For this exercise, restate word for word only the lines from the one containing "Cliff backed cove" through the last line below. Pictures do not get copied.

*** TASK DATA Section Begins ***

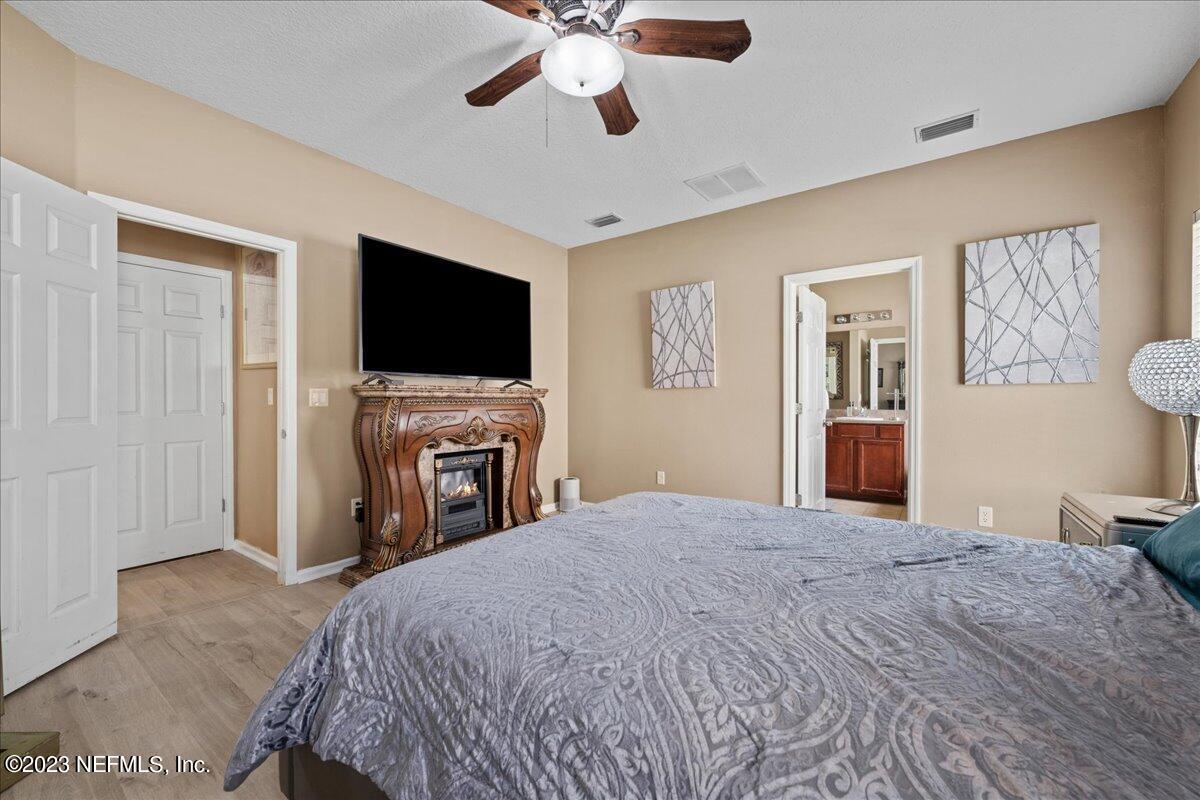 2861 Spoonbill Trail Orange Park, FL 32073 - Photo 17 of 23 a bedroom with a bed and a flat screen tv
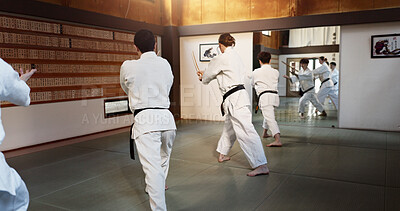 Aikido, group and class with strike, weapon training and wooden sword for self defence exercise. Dojo, students and athlete in a gym or studio with fight challenge, black belt practice and fitness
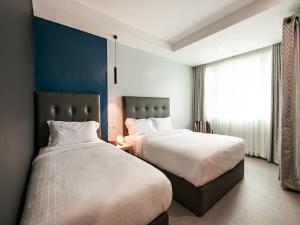 duas camas sentadas uma ao lado da outra num quarto em Homes at Bay Area Suites by SMS Hospitality em Manila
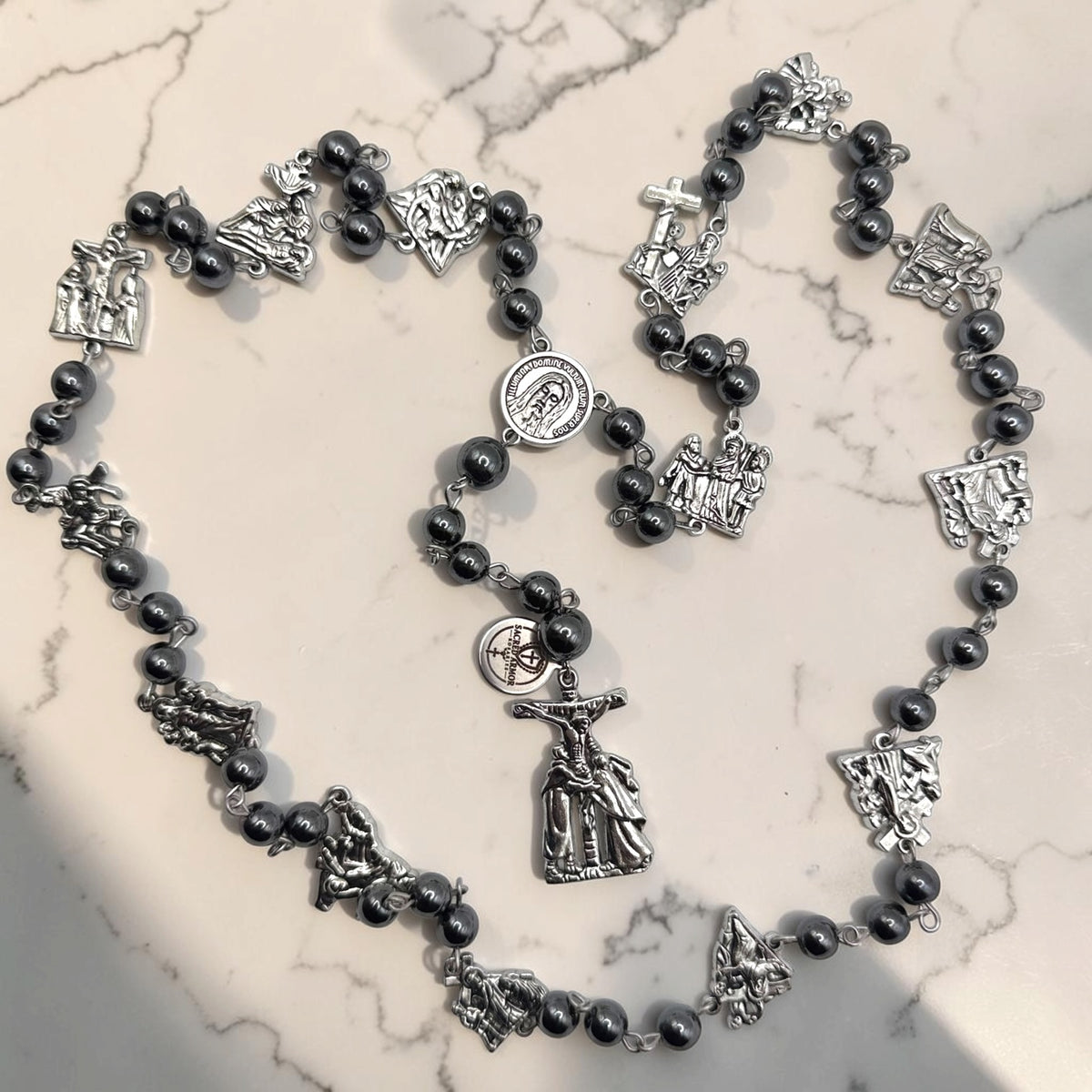Way of the Cross chaplet arranged in a heart shape with dark gray hematite beads, silver station medals, Holy Face of Jesus centerpiece, and silver crucifix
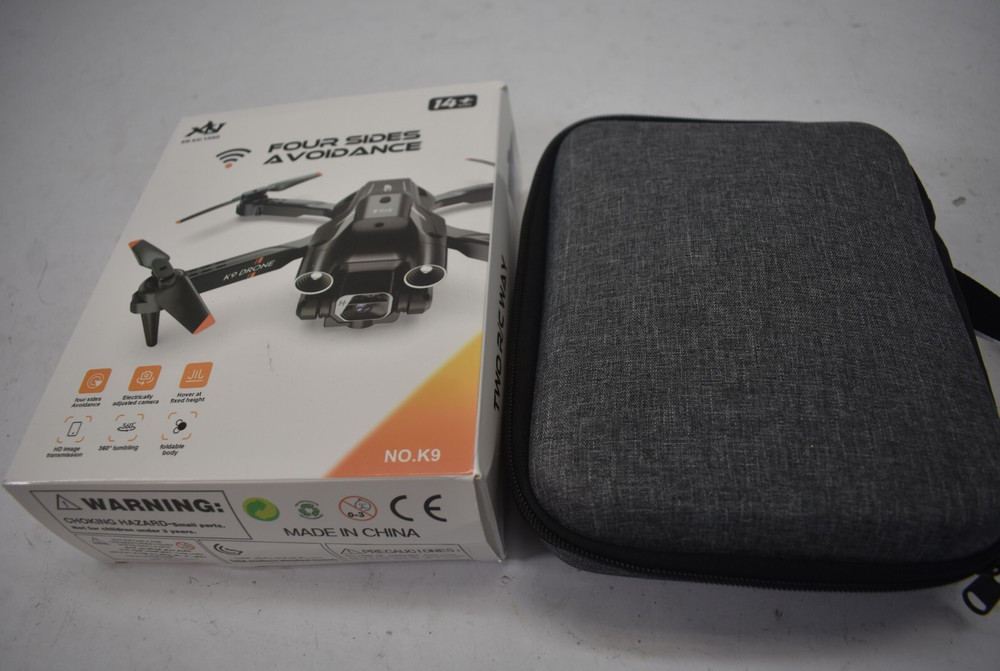 Xin Kai Yang K9 Drone Four Side Avoidance Camera Drone RC With Carrying Case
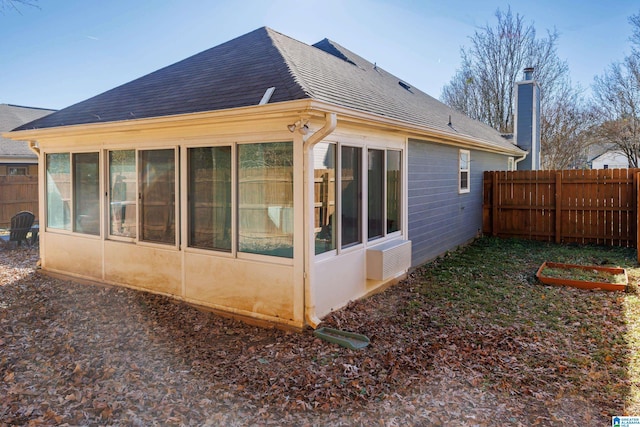 view of property exterior featuring a sunroom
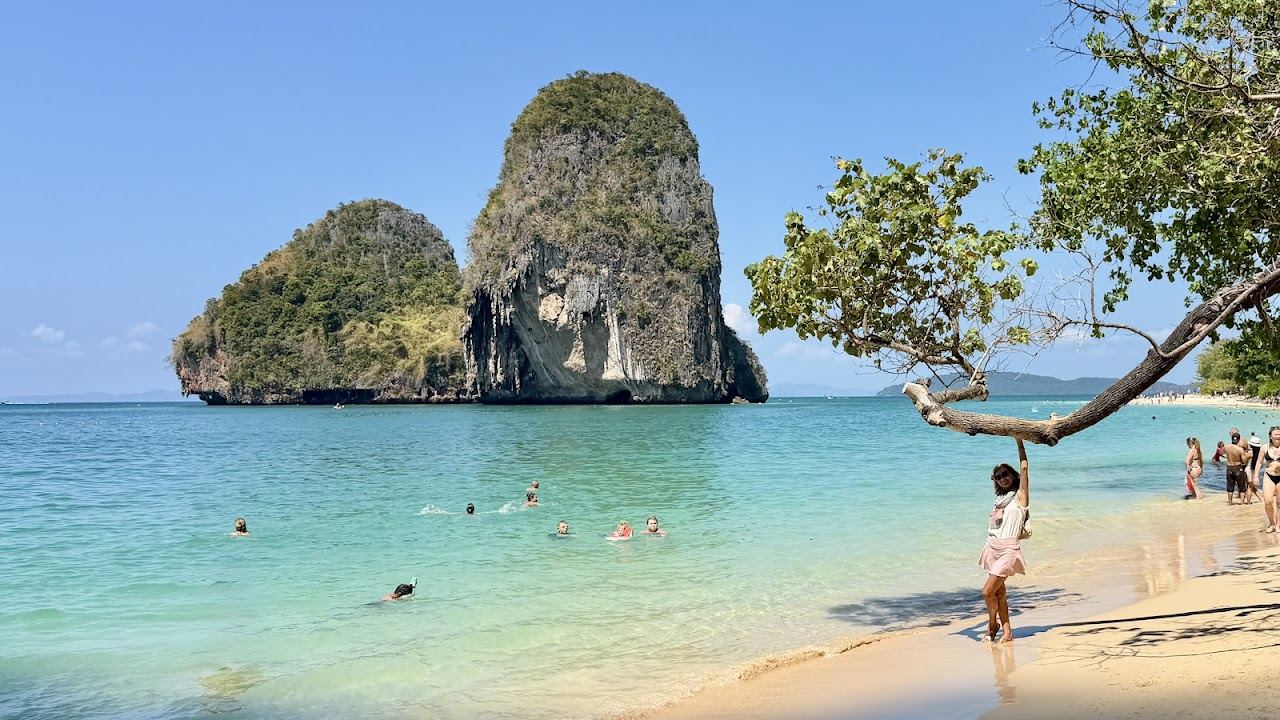 Cliff backed cove and clear water at Phra Nang Cave Beach in Krabi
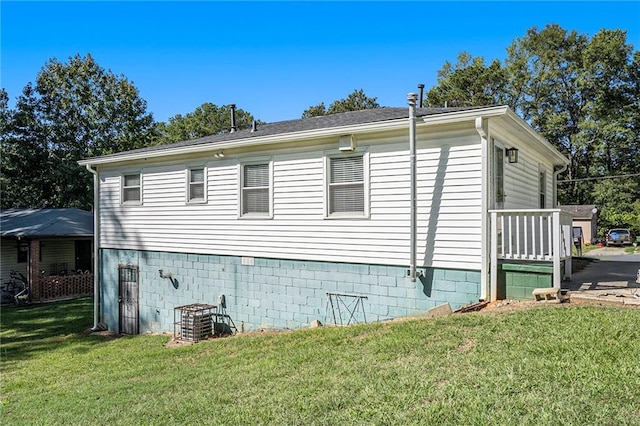 view of side of property featuring a lawn and cooling unit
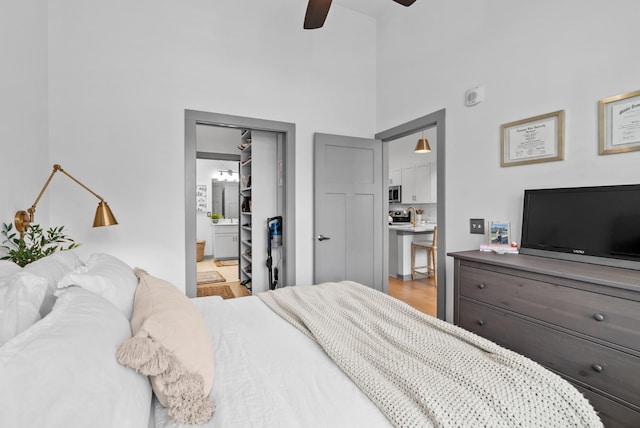 bedroom with ceiling fan, a towering ceiling, connected bathroom, and light hardwood / wood-style floors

*** TASK DATA Section Ends ***

- [TASK OUTPUT]
 Cliff backed cove and clear water at Phra Nang Cave Beach in Krabi
 view of side of property featuring a lawn and cooling unit
 bedroom with ceiling fan, a towering ceiling, connected bathroom, and light hardwood / wood-style floors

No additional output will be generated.